OLYMPIA — Lawmakers could start voting as early as Monday night on a $16.1 billion transportation revenue package that includes an 11.9-cent gas tax increase that would be phased in over two years.
Details on the 16-year package were released Monday afternoon, a day after House and Senate transportation leaders said they had reached a bipartisan agreement after months of negotiations.
The plan would increase the gas tax in two stages: a 7-cent increase on Aug. 1 and a 4.9-cent increase on July 1, 2016. The plan spends $8.8 billion on state and local road projects and $1.4 billion on maintenance and preservation. Another $1 billion would be spent on non-highway projects, like bike paths, pedestrian walkways and transit. It also would allow Sound Transit to ask voters to pay for potential expansions of its rail line.

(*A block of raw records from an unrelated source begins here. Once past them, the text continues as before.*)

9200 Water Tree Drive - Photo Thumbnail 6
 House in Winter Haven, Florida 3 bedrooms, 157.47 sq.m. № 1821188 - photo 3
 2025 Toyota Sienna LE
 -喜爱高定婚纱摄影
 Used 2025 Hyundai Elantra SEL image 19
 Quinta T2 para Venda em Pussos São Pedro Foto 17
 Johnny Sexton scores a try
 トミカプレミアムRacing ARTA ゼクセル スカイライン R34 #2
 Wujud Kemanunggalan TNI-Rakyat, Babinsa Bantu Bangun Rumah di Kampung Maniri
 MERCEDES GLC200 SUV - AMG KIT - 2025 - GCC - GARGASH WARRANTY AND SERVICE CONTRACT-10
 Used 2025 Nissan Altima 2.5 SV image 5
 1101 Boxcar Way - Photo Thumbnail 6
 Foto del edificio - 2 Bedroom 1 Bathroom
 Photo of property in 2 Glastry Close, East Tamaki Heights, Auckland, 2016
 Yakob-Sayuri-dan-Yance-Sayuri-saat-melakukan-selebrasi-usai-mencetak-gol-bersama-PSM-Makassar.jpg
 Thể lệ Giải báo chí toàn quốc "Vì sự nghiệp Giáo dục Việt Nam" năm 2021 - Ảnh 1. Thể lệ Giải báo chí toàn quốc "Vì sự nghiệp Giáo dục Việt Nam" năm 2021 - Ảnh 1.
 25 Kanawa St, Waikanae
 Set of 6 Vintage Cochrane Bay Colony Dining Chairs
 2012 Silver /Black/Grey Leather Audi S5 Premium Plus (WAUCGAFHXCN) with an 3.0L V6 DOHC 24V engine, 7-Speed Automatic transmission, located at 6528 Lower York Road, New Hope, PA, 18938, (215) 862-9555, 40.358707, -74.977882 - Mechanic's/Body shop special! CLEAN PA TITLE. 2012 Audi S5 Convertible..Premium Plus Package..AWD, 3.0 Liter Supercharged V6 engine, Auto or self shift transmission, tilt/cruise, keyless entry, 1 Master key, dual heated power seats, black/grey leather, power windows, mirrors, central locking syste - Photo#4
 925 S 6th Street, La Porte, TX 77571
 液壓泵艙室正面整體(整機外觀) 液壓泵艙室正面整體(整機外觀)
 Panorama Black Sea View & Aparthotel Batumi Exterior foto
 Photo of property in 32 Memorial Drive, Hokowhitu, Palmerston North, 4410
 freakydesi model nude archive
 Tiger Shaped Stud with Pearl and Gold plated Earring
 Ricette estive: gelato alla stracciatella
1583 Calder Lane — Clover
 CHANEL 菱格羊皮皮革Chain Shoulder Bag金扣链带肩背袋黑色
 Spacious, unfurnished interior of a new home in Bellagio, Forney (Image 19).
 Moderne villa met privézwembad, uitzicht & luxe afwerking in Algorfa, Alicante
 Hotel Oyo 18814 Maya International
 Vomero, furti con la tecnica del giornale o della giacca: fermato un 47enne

The headway in negotiations between the chambers came after Gov. Jay Inslee said he would sign any ultimate deal, even if it includes language that Inslee opposed related to a low-carbon fuel standard, which had been a major point of contention in the negotiations.
If that standard is ultimately adopted, all fee-based money going toward transit and bike paths would instead be moved into the main transportation account. Unlike the previous Senate proposal, which had that requirement for the full 16 years, the new plan only has that contingency through 2023.
In a news release sent Sunday morning, Inslee wrote that even though the current bill “has a poison pill that pits clean air against transit,” lawmakers have told him it’s necessary in order to pass the package and he’s promised to sign the bill “because of the jobs, safety improvements and traffic relief that the investments would provide.”
Inslee has encouraged lawmakers to pass the package by Tuesday. The Legislature is currently in a third special session as lawmakers finish work on a state operating budget. Lawmakers must move swiftly to pass a two-year budget in time to avoid a partial government shutdown on Wednesday.